In Reply to Parent Post by Arie0712
(...) SOP/WI to define the shelf life for material/products in our storage (...)
I don't know the particular products involved, of course. I assume there was some logical basis for your customer's concern. Usually where there's smoke, there's at least a little fire.
The FDA has guidances specific to a few product types, but in the general case for shelf life or product expiration based on some factor other than sterilization packaging stability, there is no stated guidance other than the general requirements that any claim be proven and that no device be sold without proof that it is safe and effective.
For FDA Class II and III products, of course, such proof must be provided to the FDA with the device's 510(k) or PMA, so those are pretty obvious. For devices not requiring a 510(k) or PMA, proof must still exist in the device's DMR.

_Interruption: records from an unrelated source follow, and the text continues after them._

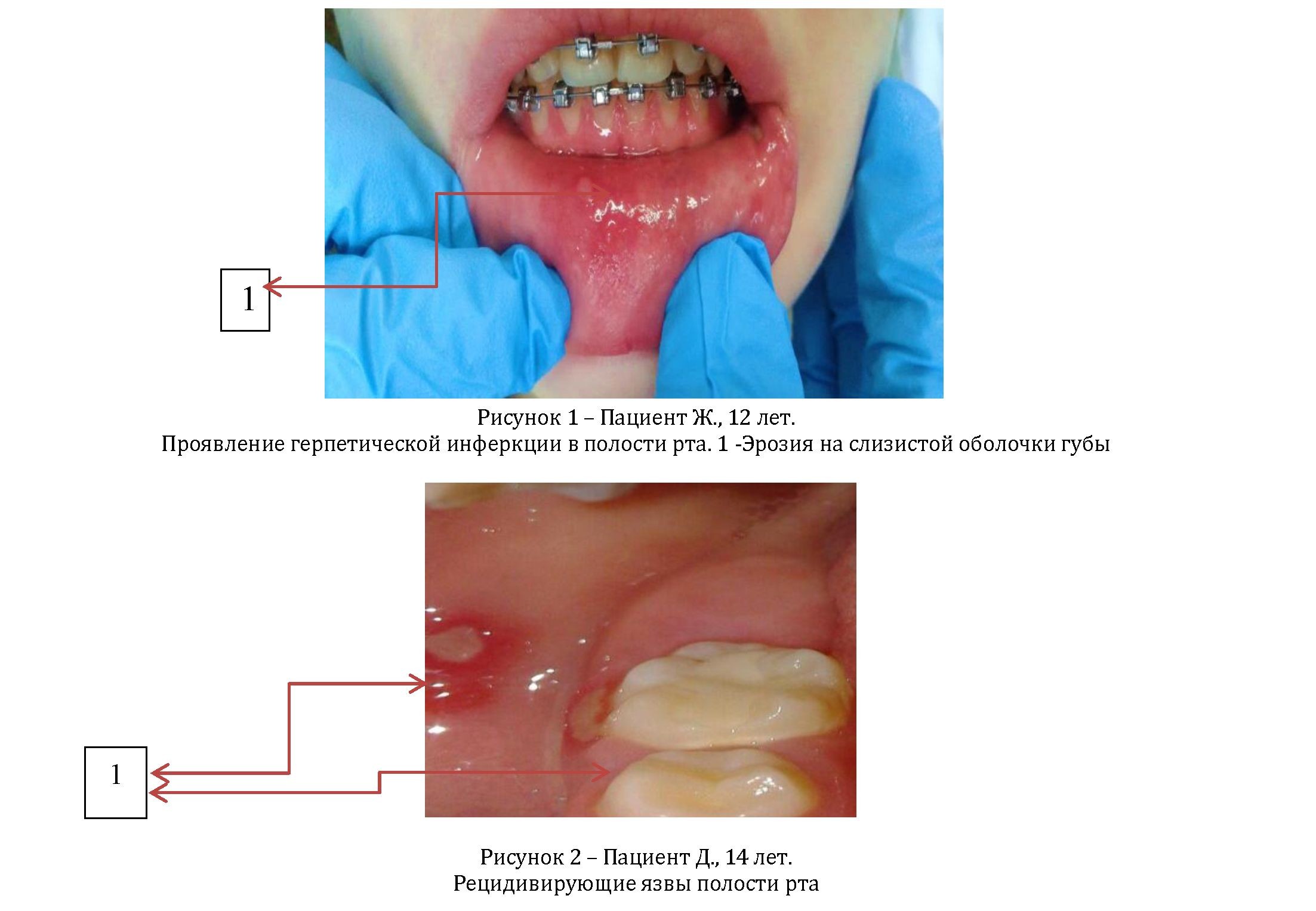 Ретроспективный анализ стоматологического здоровья у вич-инфицированных детей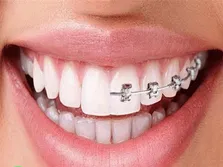 ساخت بیش از ۴.۵ میلیون قرص در هلال احمر طی یک هفته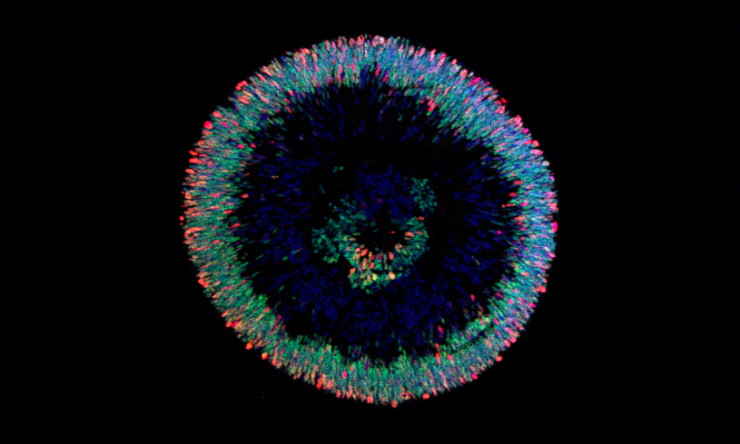 Cell nuclei shown in blue, green shows cells with an early retinal marker and red labels mark dividing cells.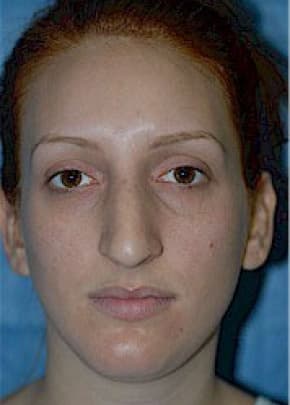 Rhinoplasty Before & After Patient #1542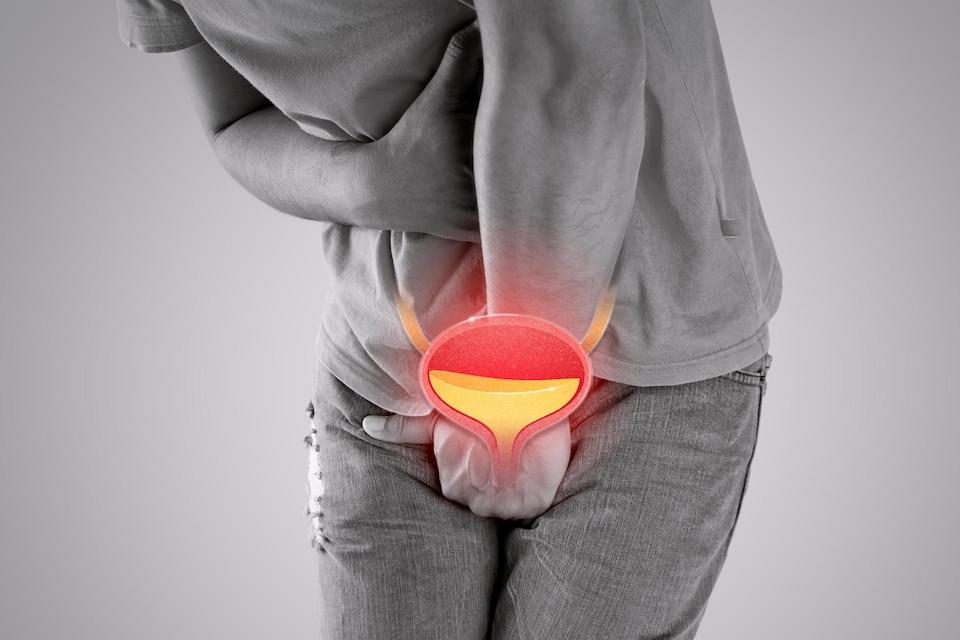 Viêm Tuyến Tiền Liệt Triệu Chứng Và Cách Điều Trị Hiệu Quả - Phòng khám Đa  khoa Quốc tế - 152 Xã Đàn, Đống Đa, Hà Nội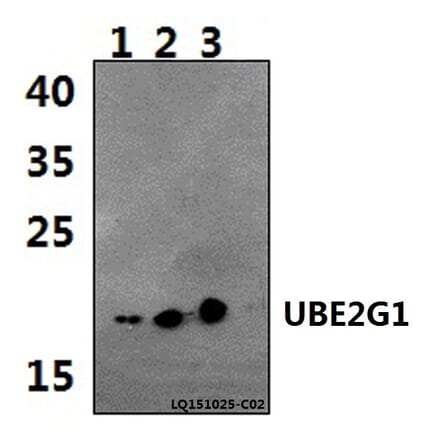 Anti-UBE2G1 Antibody from Bioworld Technology (BS61475) - Antibodies.com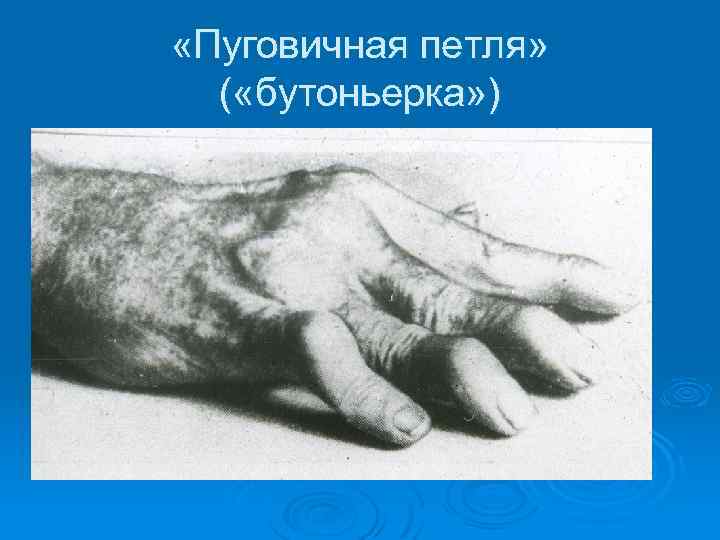  «Пуговичная петля» ( «бутоньерка» ) 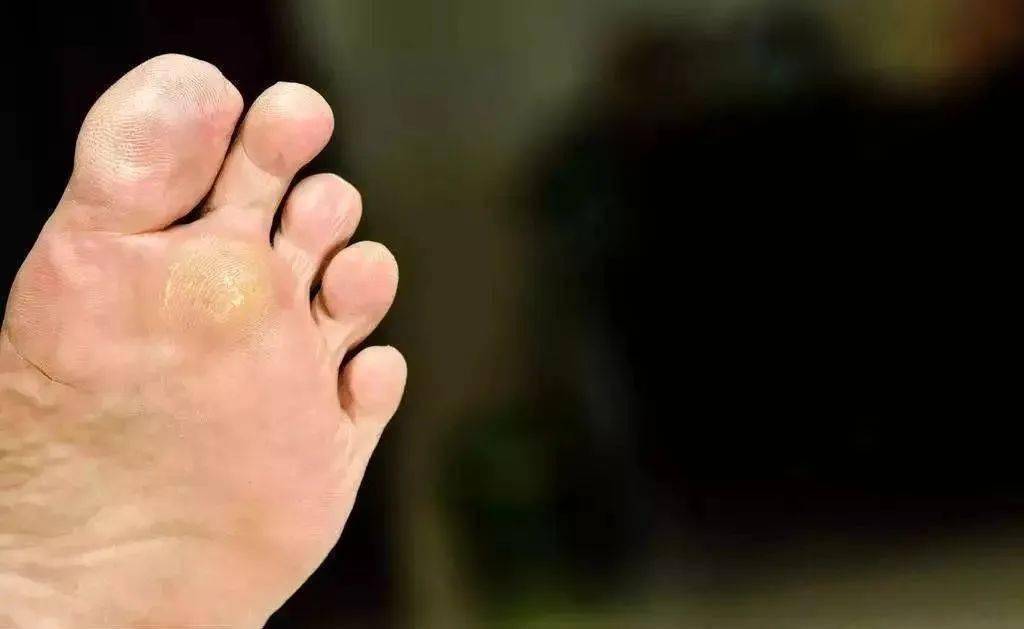 糖友们糖尿病足的四大症状出现一个就需警惕了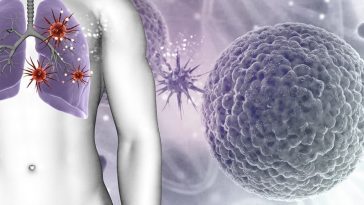 TLR2 : la protéine qui pourrait aider à réduire les décès par cancer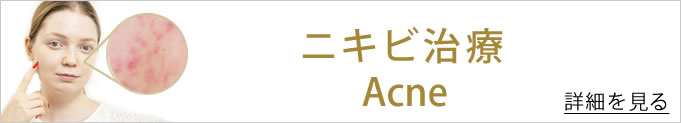 ニキビバナー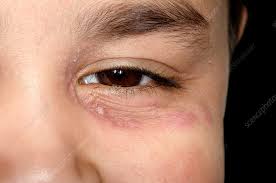 herpes infection around the eye stock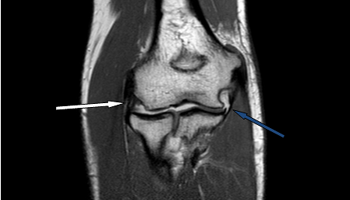 Lateral ulnar collateral ligament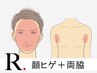 【ヒゲ脱毛（全顔）＋両ワキ脱毛】男性人気トップ2の脱毛セット♪7200→¥5500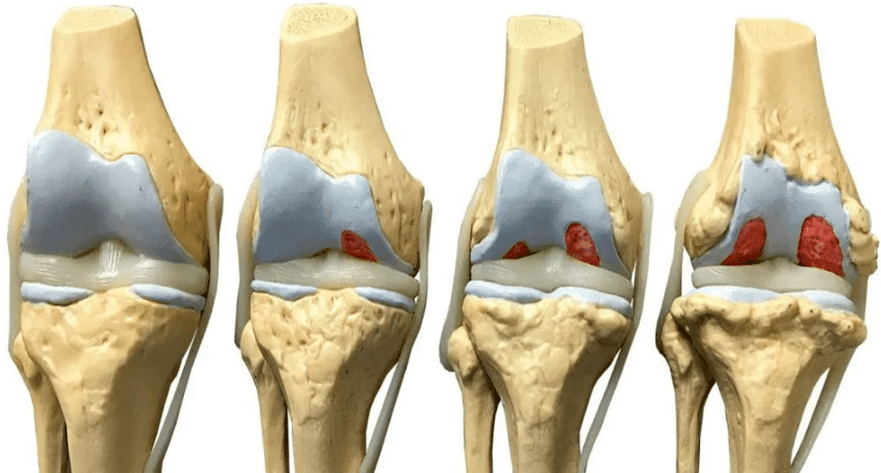 oštećenja zgloba koljena u različitim fazama razvoja artroze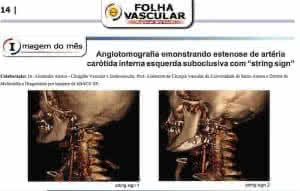 Estenose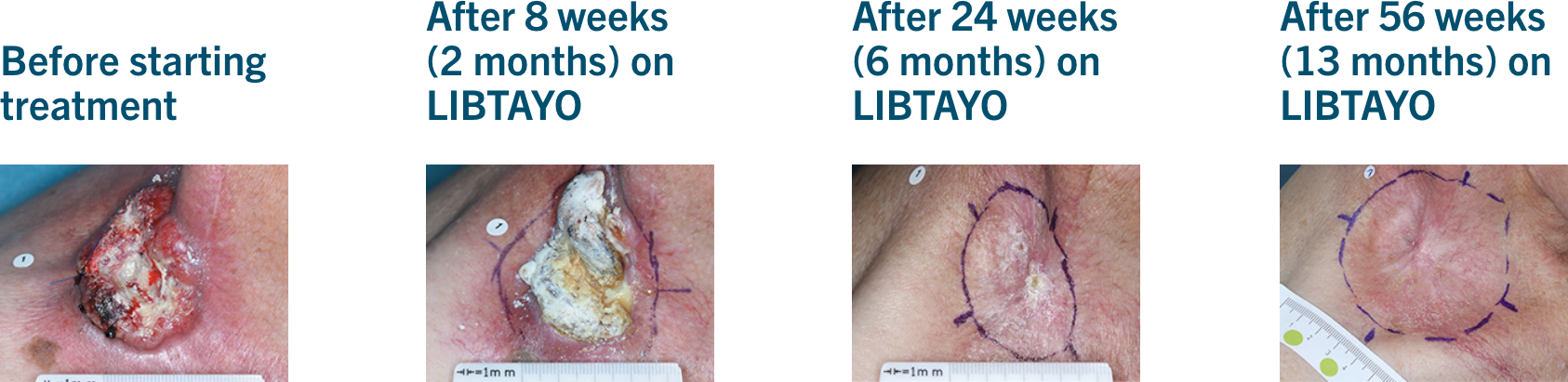 Taking LIBTAYO® (cemiplimab-rwlc) | Advanced CSCC
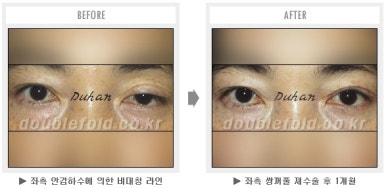 두한성형외과 쌍커풀 재수술 - 짝눈 눈매교정, 가성 안검하수 교정과 뒤밑트임 관련 이미지 43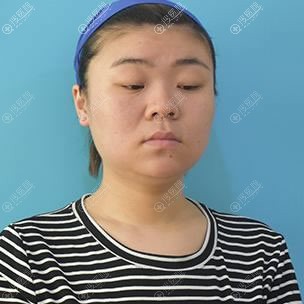 真让人意外,我在湘潭雅美整形医院做完膨体隆鼻居然没影响上班
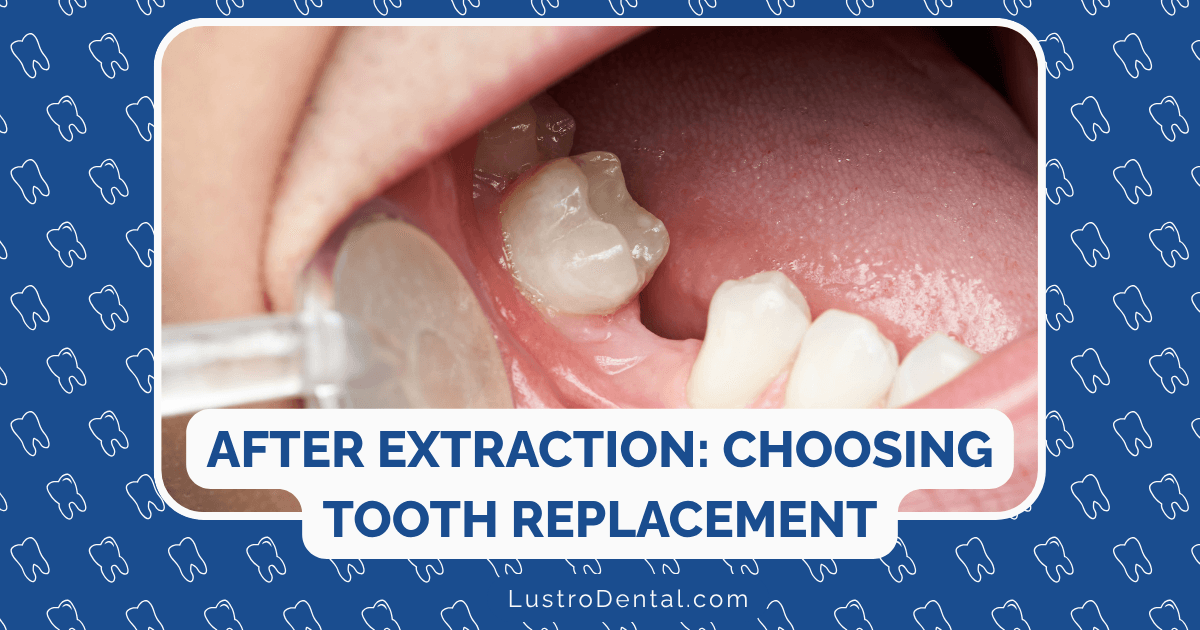 tooth replacement options
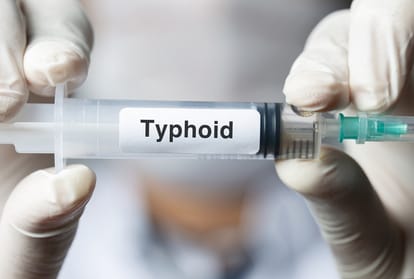 Typhoid is reaching from one city to another like Corona 2 crores affected every year 1.6 lakhs killed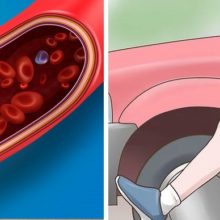 Ten Ways to Increase Circulation and Prevent Blood Clots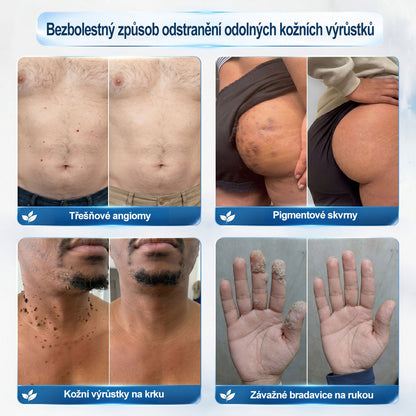 Hiskin®🎁 Zbývá už jen 5 balení!🔥 Nyní získáte další slevu 50 %!✨ Dopřejte si péči, kterou si zasloužíte, a udělejte něco pro svůj lepší pocit každý den.⏳ Nečekejte příliš dlouho — tato speciální nabídka nemusí být znovu dostupná.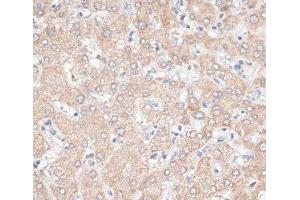 Immunohistochemistry of paraffin-embedded Human liver using GPC3 Polyclonal Antibody at dilution of 1:100 (40x lens). (Glypican 3 抗体)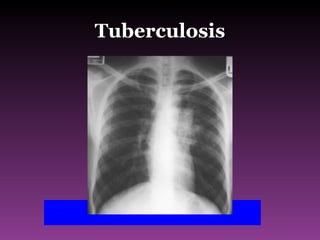 Tuberculosis 
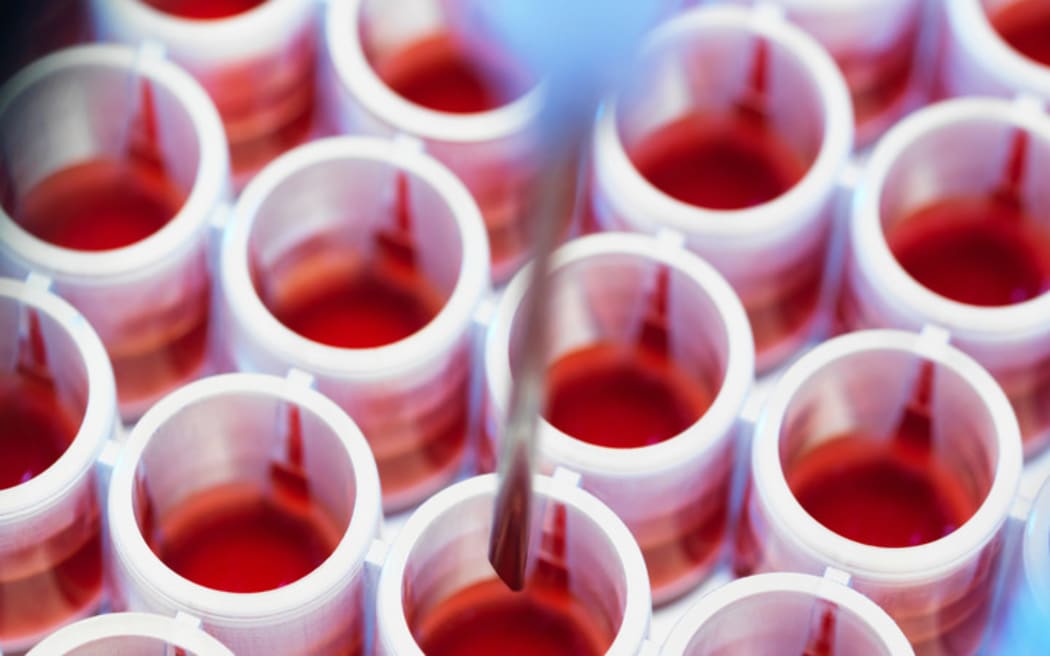 Blood test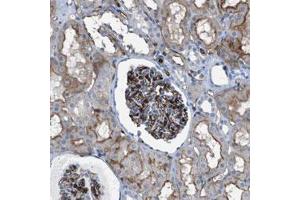 Immunohistochemical staining (Formalin-fixed paraffin-embedded sections) of human kidney with DYSF polyclonal antibody  shows strong positivity in the glomeruli and moderate membranous staining in tubular cells. (Dysferlin 抗体)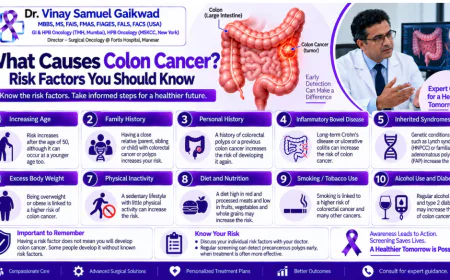 What Causes Colon Cancer? Risk Factors You Should Know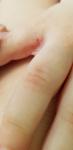 Сыпь между пальцев у ребенка фото 1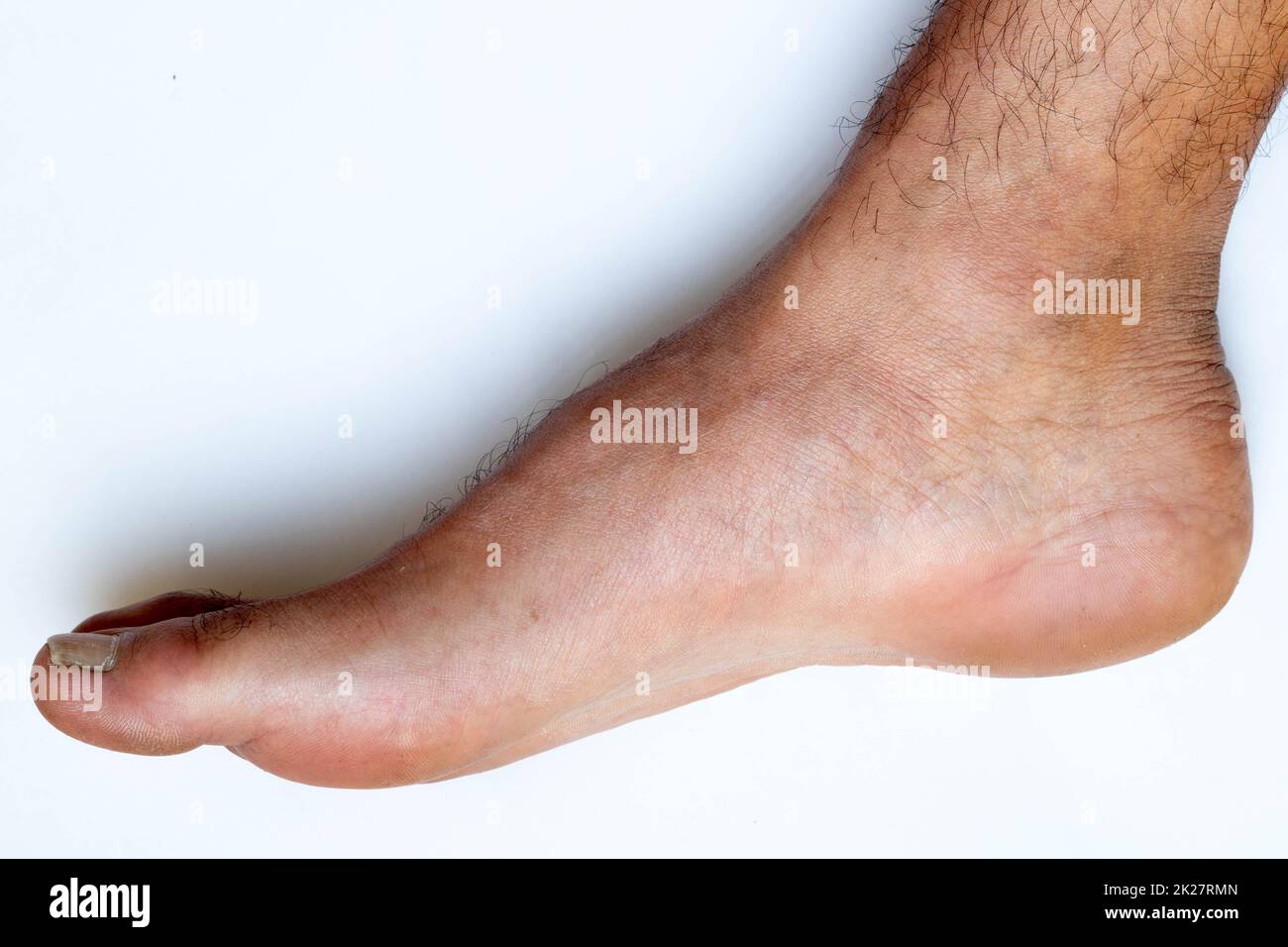 Dita dei piedi, mani e unghie. Parti del corpo umano maschile di età compresa tra 20 e 30 anni Foto Stock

Based on review of what the FDA has to say about this across various guidances and other documents, my summarization of the general rule would be:
1. If you're going to state an expiration date or shelf life for a newly developed product, it should be based on already-competed accelerated aging, and have real-time aging in progress to verify the data ASAP.
2. If the product has some mechanism or issue that gives rise to concern about shelf life, such as a material that is known to have a life limit, it cannot be sold at all without data to show that it is safe and effective at that length of time after manufacture. It's not necessary to prove when it becomes unsafe or ineffective; it's only necessary to prove that it is safe and effective throughout the period of time when it is permitted to be used.
I regard it as likely that, for a relatively simple product that contains a material for which a substantial "track record" exists and for which the risks are completely understood and clinically acceptable, the FDA will accept well-reasoned analytical application of already-existing aging data or retrospective market performance data for that material in place of newly acquired aging data. However, as far as I know no guidance exists, so any such instance would be individually judged. The more complicated the product and the greater the risk involved, the less likely would be such acceptance.
You would write your procedure for defining shelf life based on your knowledge of what material, process or other device characteristic gives rise to the concern. Similarly, you would categorize your products as to whether that procedure applied to them based on that same knowledge.
I think the same general approach is likely to be considered reasonable and acceptable in an MDD or Health Canada context, notwithstanding the different applicable rules.